= Maa-nulth First Nations =

The Maa-nulth First Nations, also known as First Nations of Maa-nulth Treaty Society, is a First Nations Treaty Society of Nuu-chah-nulth nations on the west coast of Vancouver Island.

==Member Nations==

- Huu-ay-aht First Nations
- Ka:'yu:'k't'h'/Che:k:tles7et'h' First Nations (formerly Kyuqout)
- Toquaht First Nation
- Uchucklesaht Tribe
- Yuułuʔiłʔatḥ (Ucluelet First Nation)

==Treaty Process==
The Maa-nulth First Nations' Final Agreement, Stage 5 in the BC Treaty Process, was initialled on December 9, 2006, and subsequently ratified by Maa-nulth First Nations members in the summer and fall of 2007. Provincial ratification legislation was introduced in the Legislative Assembly on November 21, and received Royal Assent on November 29.

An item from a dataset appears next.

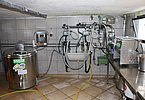 IMG 7776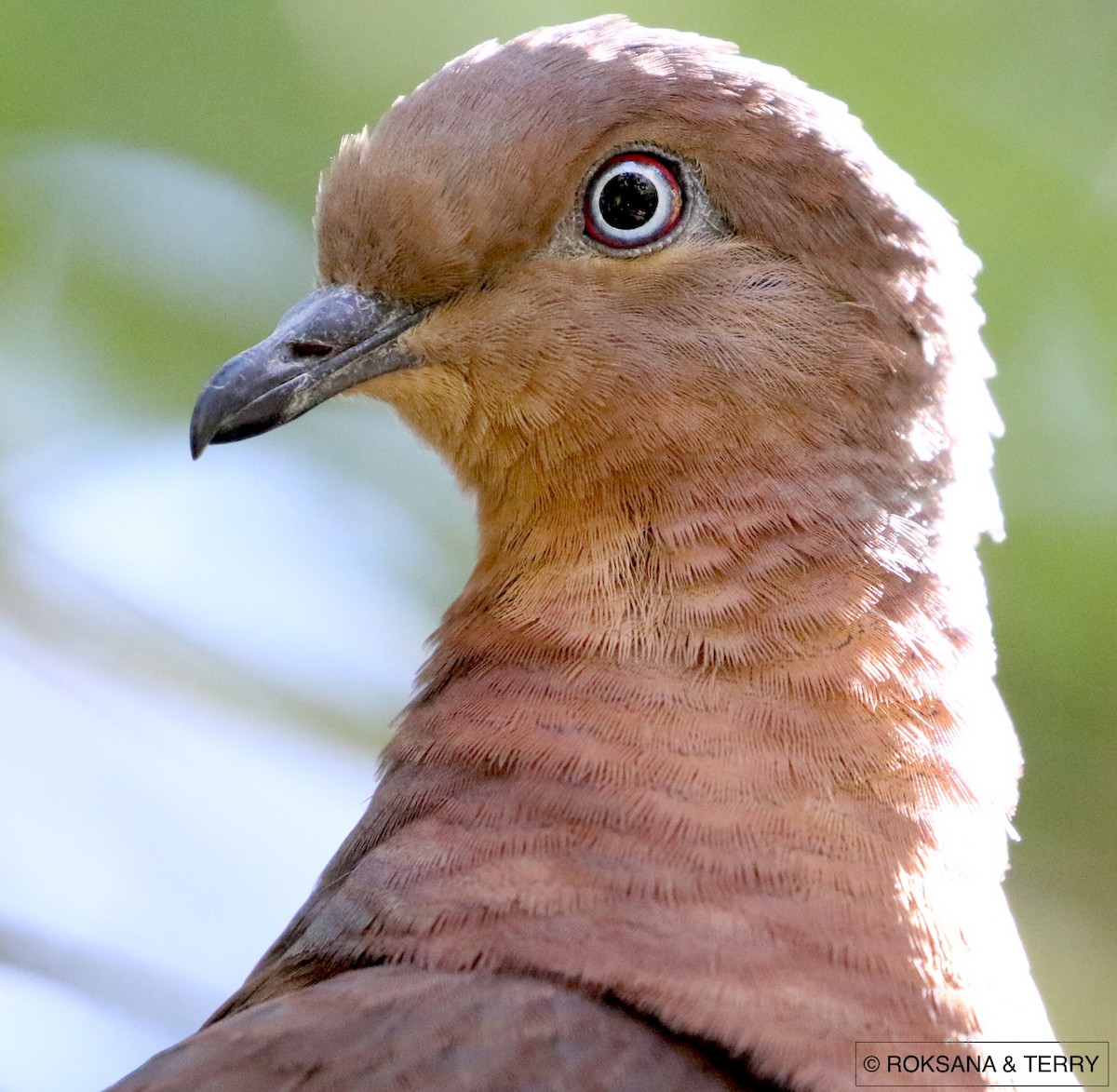 Brown Cuckoo-Dove - ML64505871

In October 2007, the ratification process was also completed and all five First Nations voted in favour of accepting the Final Agreement. Of those who voted, close to 80 per cent were in favour of the treaty. The Maa-nulth Final Agreement is the first modern-day treaty for Vancouver Island and the second under the BCTC process.